__Problem description__: Needed from the data below: every line from the one with "Camiseta Sin Mangas Tejido Calado Mujer" up to and including the one with "Gold Finish Multi-Colored", repeated exactly and with nothing else.

(Short text fragments from websites)

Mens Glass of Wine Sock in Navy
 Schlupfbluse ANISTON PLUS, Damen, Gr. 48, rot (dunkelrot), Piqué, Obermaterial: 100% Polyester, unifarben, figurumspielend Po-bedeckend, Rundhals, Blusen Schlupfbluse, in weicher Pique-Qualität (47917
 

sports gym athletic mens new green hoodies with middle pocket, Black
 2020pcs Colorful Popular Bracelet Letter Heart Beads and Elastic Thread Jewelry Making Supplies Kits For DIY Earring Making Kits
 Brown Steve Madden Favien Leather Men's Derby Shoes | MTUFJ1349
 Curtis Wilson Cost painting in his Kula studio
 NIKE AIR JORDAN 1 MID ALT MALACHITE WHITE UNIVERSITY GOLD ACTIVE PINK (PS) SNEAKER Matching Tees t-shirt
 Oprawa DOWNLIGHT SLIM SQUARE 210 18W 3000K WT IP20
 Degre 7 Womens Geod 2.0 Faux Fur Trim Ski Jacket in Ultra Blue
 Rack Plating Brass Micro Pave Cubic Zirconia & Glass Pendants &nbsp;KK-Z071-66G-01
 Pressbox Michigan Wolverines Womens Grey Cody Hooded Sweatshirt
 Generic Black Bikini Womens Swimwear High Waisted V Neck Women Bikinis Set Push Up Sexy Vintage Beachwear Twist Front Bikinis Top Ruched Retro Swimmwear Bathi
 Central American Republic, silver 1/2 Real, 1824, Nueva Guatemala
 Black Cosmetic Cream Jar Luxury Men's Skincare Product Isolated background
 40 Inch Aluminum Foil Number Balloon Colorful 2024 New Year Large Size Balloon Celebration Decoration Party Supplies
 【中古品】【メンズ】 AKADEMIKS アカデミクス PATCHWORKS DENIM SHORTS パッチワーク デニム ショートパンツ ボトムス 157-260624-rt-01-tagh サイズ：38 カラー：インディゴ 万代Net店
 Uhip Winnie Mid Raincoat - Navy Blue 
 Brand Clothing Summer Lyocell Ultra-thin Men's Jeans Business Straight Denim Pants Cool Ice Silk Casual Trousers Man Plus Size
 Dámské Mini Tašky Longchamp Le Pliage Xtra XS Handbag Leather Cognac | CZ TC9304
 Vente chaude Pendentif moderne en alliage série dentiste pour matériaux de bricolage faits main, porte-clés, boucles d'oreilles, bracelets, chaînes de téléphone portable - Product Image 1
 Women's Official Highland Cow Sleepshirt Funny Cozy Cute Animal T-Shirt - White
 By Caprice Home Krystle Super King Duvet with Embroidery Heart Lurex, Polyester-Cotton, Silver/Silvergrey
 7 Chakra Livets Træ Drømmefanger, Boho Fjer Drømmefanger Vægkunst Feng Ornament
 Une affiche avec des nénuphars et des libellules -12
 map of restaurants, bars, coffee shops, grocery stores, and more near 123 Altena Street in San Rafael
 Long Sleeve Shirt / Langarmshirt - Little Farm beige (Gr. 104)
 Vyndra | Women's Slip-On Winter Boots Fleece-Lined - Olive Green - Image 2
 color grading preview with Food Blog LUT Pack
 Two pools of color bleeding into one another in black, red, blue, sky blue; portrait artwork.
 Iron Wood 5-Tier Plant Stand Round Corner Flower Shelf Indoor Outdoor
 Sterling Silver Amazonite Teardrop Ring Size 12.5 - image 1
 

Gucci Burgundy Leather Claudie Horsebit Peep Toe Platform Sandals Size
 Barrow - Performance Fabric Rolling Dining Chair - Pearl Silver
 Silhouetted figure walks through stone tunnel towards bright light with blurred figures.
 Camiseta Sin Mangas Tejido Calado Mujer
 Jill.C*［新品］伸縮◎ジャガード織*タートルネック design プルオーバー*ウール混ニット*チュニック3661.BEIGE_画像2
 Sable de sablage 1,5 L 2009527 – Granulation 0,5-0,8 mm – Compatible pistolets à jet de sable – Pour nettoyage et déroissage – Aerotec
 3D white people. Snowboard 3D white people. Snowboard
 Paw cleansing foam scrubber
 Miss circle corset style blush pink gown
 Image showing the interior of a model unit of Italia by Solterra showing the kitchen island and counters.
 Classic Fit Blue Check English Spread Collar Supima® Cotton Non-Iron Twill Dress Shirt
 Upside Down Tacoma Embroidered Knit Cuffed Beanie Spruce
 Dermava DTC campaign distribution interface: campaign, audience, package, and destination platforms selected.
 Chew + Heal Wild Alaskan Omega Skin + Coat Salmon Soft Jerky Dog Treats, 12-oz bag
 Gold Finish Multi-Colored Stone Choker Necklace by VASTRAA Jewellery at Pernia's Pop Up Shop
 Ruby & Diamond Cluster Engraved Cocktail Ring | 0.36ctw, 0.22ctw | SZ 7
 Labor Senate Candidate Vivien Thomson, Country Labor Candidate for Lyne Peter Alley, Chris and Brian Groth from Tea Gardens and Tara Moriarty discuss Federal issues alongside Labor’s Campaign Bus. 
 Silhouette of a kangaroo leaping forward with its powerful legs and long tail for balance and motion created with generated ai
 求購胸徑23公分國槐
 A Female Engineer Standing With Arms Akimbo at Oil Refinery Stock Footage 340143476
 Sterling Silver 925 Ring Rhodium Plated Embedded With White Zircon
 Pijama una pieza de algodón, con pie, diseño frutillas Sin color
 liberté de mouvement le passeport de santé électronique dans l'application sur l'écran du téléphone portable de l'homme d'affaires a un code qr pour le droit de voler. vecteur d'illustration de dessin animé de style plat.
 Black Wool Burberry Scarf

__Solution below__:
 Camiseta Sin Mangas Tejido Calado Mujer
 Jill.C*［新品］伸縮◎ジャガード織*タートルネック design プルオーバー*ウール混ニット*チュニック3661.BEIGE_画像2
 Sable de sablage 1,5 L 2009527 – Granulation 0,5-0,8 mm – Compatible pistolets à jet de sable – Pour nettoyage et déroissage – Aerotec
 3D white people. Snowboard 3D white people. Snowboard
 Paw cleansing foam scrubber
 Miss circle corset style blush pink gown
 Image showing the interior of a model unit of Italia by Solterra showing the kitchen island and counters.
 Classic Fit Blue Check English Spread Collar Supima® Cotton Non-Iron Twill Dress Shirt
 Upside Down Tacoma Embroidered Knit Cuffed Beanie Spruce
 Dermava DTC campaign distribution interface: campaign, audience, package, and destination platforms selected.
 Chew + Heal Wild Alaskan Omega Skin + Coat Salmon Soft Jerky Dog Treats, 12-oz bag
 Gold Finish Multi-Colored Stone Choker Necklace by VASTRAA Jewellery at Pernia's Pop Up Shop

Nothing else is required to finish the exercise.